Nowy sposób złodziei samochodów? Już nie ''na walizkę''. Uważaj na bagażnik

Wraz z pojawianiem się coraz nowszych modeli aut, ewoluują również sposoby złodziei na ich kradzież. W związku z niedawną próbą włamania się do Range Rovera w Wielkiej Brytanii ludzie znów przypomnieli sobie o tym nadal powszechnym problemie.

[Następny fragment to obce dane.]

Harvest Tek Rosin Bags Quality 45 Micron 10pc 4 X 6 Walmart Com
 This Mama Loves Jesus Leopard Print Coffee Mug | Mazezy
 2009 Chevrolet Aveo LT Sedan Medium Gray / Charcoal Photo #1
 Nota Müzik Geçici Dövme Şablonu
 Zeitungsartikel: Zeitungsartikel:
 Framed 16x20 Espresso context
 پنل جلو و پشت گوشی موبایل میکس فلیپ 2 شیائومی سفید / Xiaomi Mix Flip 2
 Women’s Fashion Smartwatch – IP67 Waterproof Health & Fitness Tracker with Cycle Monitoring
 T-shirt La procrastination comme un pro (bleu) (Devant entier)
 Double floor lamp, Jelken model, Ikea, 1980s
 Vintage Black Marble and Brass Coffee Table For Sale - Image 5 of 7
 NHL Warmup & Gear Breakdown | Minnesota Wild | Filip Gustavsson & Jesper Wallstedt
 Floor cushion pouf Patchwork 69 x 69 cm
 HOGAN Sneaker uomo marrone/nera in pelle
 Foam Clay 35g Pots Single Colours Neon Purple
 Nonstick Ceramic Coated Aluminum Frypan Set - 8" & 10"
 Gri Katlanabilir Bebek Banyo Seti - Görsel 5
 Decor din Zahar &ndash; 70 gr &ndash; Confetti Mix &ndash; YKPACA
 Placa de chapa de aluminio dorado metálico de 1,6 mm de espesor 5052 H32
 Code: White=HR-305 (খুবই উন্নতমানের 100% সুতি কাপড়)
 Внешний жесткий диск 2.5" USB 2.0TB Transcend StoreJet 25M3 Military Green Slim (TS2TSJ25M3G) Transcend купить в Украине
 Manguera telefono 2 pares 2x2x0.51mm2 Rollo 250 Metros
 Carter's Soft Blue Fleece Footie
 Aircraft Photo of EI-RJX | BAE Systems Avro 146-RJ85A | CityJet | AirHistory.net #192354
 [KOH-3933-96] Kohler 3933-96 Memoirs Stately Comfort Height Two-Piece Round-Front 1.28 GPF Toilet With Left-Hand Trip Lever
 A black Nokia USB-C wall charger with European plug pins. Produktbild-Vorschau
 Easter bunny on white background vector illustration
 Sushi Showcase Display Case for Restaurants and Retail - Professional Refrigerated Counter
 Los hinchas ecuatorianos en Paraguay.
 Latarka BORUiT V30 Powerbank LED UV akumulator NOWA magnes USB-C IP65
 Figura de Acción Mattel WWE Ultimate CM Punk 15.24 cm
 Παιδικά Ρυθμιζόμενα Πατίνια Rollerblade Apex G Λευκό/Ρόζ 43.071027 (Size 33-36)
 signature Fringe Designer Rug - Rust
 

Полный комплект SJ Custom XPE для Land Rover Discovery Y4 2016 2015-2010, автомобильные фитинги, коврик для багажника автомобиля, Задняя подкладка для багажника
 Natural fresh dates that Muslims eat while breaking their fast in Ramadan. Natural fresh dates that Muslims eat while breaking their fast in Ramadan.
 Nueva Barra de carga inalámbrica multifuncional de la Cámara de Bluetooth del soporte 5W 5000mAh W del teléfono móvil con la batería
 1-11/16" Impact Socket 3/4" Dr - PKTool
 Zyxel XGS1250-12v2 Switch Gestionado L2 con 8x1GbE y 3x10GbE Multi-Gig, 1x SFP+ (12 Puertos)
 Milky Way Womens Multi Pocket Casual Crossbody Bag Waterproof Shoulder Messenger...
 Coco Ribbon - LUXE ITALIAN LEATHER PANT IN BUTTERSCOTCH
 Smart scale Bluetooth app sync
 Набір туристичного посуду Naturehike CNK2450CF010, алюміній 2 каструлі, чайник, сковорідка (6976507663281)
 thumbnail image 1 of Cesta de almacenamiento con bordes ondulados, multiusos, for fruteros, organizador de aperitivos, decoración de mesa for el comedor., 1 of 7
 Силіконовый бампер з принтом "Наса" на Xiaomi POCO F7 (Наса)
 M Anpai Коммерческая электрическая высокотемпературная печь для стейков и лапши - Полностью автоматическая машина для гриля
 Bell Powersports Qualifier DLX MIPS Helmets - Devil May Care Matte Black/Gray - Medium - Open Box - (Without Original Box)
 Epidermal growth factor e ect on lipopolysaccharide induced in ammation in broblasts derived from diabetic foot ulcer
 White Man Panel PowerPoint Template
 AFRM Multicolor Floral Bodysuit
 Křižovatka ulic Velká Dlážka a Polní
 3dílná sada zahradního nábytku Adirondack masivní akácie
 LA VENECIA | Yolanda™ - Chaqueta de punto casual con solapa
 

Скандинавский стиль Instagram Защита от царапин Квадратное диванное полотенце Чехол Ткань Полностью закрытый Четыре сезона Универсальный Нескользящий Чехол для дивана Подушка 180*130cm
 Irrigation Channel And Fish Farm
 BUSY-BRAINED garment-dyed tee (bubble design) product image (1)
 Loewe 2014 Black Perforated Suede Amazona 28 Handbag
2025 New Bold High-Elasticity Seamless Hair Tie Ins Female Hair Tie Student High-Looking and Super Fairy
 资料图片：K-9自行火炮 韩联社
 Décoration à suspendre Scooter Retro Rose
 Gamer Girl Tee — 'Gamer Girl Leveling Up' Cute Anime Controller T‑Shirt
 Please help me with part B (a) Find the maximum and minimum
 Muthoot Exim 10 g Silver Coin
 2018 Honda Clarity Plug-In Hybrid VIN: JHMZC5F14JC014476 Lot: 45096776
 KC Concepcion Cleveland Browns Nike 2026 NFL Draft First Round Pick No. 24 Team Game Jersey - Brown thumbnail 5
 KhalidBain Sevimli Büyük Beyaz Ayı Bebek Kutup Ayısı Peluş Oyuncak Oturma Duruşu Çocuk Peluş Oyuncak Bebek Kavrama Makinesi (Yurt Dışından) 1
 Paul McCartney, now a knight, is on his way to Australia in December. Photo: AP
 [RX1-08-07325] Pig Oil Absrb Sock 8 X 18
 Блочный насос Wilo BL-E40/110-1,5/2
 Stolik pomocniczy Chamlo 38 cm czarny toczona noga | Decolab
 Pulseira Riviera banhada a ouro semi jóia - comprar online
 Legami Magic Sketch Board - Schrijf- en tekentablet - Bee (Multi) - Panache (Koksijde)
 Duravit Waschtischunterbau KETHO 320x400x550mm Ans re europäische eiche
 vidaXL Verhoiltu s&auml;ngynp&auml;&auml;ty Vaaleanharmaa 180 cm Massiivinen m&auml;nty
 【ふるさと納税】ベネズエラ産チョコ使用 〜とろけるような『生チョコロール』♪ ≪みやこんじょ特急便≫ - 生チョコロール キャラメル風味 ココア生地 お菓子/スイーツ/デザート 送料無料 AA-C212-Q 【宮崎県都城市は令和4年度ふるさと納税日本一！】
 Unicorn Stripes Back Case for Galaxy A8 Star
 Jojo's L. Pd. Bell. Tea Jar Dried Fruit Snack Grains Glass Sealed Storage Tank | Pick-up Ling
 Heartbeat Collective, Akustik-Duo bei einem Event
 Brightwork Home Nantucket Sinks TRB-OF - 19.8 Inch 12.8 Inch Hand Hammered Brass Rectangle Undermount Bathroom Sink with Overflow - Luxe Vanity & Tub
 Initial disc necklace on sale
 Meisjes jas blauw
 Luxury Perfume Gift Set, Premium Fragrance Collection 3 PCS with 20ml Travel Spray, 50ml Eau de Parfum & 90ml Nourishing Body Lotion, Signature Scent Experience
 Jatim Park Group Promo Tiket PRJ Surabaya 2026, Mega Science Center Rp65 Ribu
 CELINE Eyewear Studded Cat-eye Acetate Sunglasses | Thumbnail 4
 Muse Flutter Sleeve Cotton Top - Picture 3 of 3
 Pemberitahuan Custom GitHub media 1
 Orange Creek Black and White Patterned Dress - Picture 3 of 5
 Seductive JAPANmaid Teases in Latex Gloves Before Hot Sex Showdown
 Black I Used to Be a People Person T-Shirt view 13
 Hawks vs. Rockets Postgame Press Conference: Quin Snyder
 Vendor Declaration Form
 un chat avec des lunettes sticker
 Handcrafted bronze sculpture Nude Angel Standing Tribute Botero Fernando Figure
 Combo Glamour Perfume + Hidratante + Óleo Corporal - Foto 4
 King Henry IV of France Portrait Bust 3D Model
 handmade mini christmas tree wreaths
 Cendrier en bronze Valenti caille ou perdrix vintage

Więcej informacji na temat aktualnych wydarzeń znajdziesz na stronie głównej Gazeta.pl

W dzisiejszych czasach kradzież samochodów rozwinęła się już do tego stopnia, że złodzieje są w stanie dostać się do auta bez zwracania na siebie uwagi przechodniów. Dobrze znana jest już metoda ''na walizkę'', dzięki której istnieje możliwość przechwycenia sygnału z kluczyka, nawet w sytuacji, gdy znajduje się on z daleka od samochodu. Brytyjscy złodzieje jednak postawili na mniej dyskretne rozwiązanie. Czy dostanie się do auta poprzez wywiercanie dziury w bagażniku to innowacyjny sposób złodziei samochodów? Odpowiedź na to pytanie można uzyskać już po przeczytaniu pierwszego zdania tego akapitu, warto jednak spróbować zrozumieć intencje ''gangsterów''.

Zobacz wideo

Czym jest magistrala CAN?

Magistrala CAN (Controled Area Network) jest urządzeniem, którego zadaniem jest wymiana danych. W samochodzie odpowiada za radio, poduszki powietrzne, elektroniczne sterowanie, i wiele innych. Ważnym elementem urządzenia jest Immobilizer CAN, który służy do odcinania zapłonu silnika w momencie, gdy nie ma dostępu do odpowiedniego sygnału.

Okazuje się jednak, że siłowe dostanie się do wiązki CAN, w celu połączenia z nią urządzenia mającego rozbroić zabezpieczenie to wciąż powszechna metoda. To nią najprawdopodobniej kierowali się złodzieje, próbując przedostać się do wiązki poprzez dziurę w bagażniku. Taka droga ''na skróty'' mogła wyniknąć z tego, że nowsze modele Range Rovera są bardzo dobrze zabezpieczone, i nawet wybicie szyby może okazać się problemem.

Pozornie ciekawa metoda to nie wszystko

Takie ''innowacyjne metody'' na nic się jednak zdadzą w momencie, gdy złodzieje nie są wystarczająco doświadczeni. Pomijając kwestię, że wywiercona przez nich dziura została ''ukryta'' pod naklejką, to nie pomyśleli też o zabezpieczeniu samochodu przed namierzeniem. Skradziony samochód łatwo odzyskać dzięki zamieszczonemu w nim lokalizatorowi i w taki też sposób pechowy Range Rover wrócił do swojego właściciela.